A vendere sono stati Luca Furloni e Signal srl, controllata da un veicolo di club deal, Signal 14, coordinato dal private equity Adon Capital che ne controlla il 33%, mentre il restante 67% fa capo a un gruppo di imprenditori locali, alla holding di partecipazioni AFL e a ComuniImpresa, controllata da Aurelio Regina, uno dei più noti esponenti dell’imprenditoria italiana, consigliere di amministrazione di Engineering e Cerved.
Questo veicolo nel luglio del 2023 aveva rilevato il 67% di Sias dal padre di Luca, Armando, che aveva fondato l’azienda nel 1978 (si veda qui il comunicato stampa di allora). Dopo l’operazione, Luca manterrà la carica di amministratore delegato. Infatti anche all’interno del gruppo tedesco la struttura organizzativa di Sias resterà immutata garantendo la continuità operativa sul mercato italiano.
BonelliErede ha assistito Saferoad sul piano legale, mentre PwC ha assistito l’acquirente nell’attività di tax due diligence e tax structuring. Baker McKenzie ha curato gli aspetti antitrust. Giliberti Triscornia e Associati, come già nell’operazione del 2023, ha assistito il socio di maggioranza mentre lo studio Pavesio e Associati, come nel 2023, ha assistito Luca Furloni. Chiomenti ha assistito le banche finanziatrici di SIAS.
Nel 2024 (ultimo anno disponibile) Sias spa ha fatturato 34 milioni di euro generando un Ebitda di 8,3 milioni e chiudendo l’anno con un debito netto di 15,3 milioni (si veda qui il report di Leanus, dopo essersi registrati gratuitamente).
Per Fsn Capital si tratta del primo investimento sull’Italia, sebbene indiretto. Tradizionalmente Fsnn investe nel Nord Europa. Dopo aver completato nel 2021 a 1,8 miliardi di euro la raccolta del Fondo VI (si veda altro articolo d BeBeez), il private equity norvegese sta completando la raccolta del suo settimo veicolo, dopo avere raccolto altri 400 milioni nel 2024 tramite un continuation fund.

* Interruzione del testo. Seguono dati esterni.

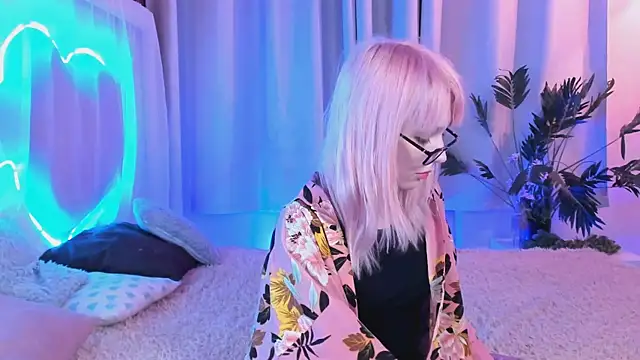 -NoraBless online show from December 10, 2024, 1:11 pm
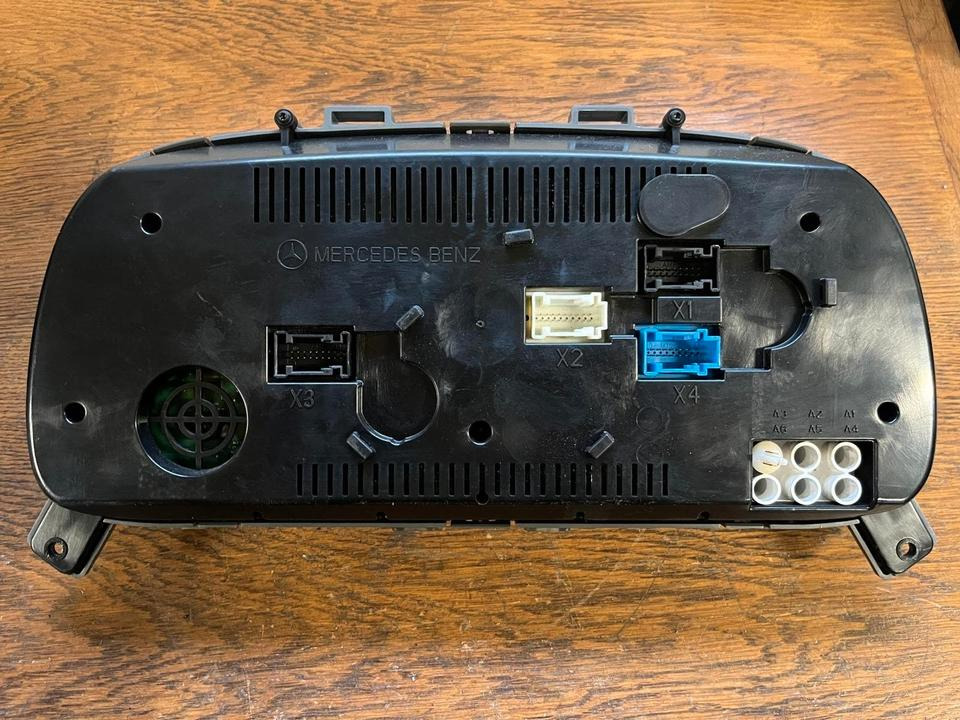 Mercedes Atego Kombiinstrument / Tacho A0034462221 - Instrumentenpaneel voor Vrachtwagen: afbeelding 5 Mercedes Atego Kombiinstrument / Tacho A0034462221 - Instrumentenpaneel voor Vrachtwagen: afbeelding 5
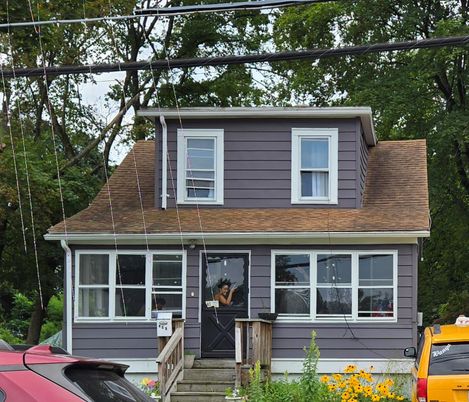 Exterior, Facade, Cape Cod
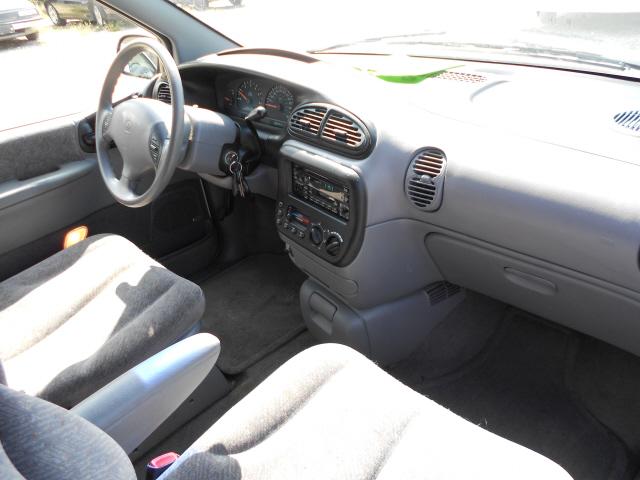 Dodge Caravan 1999 photo 2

Quanto ad Adon Capital, è una società di investimento, specializzata in operazioni di private equity in club deal, nata come spinoff del team italiano di M&A e corporate finance di RiverRock su input iniziale di Kamal Tabet, già Global Head of private equity coverage, fund raising and private placement di Citigroup e membro del comitato operativo Global Corporate and Investment Bank della banca.

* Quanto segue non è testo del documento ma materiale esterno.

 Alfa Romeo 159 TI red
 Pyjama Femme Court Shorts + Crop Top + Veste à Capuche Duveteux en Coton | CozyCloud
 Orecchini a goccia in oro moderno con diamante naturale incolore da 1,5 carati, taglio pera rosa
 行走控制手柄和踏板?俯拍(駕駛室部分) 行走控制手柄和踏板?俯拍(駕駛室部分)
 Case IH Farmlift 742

Adon aveva già esperienza di manutenzione stradale. Ricordiamo infatti che nell’ottobre 2020 Adon Capital aveva acquisito assieme a VAM Investments, tramite la holding Investico. il 59,41% della romana Sicurezza & Ambiente dal fondatore Angelo Cacciotti (si veda altro articolo di BeBeez). L’azienda è attiva nel ripristino delle condizioni ambientali e di sicurezza stradale compromesse a seguito di incidenti stradali. Lo scorso febbraio l’azienda ha strutturato e finanziato una cartolarizzazione da 12 milioni di euro, finalizzata al finanziamento dell’attivo circolante (si veda altro articolo di BeBeez).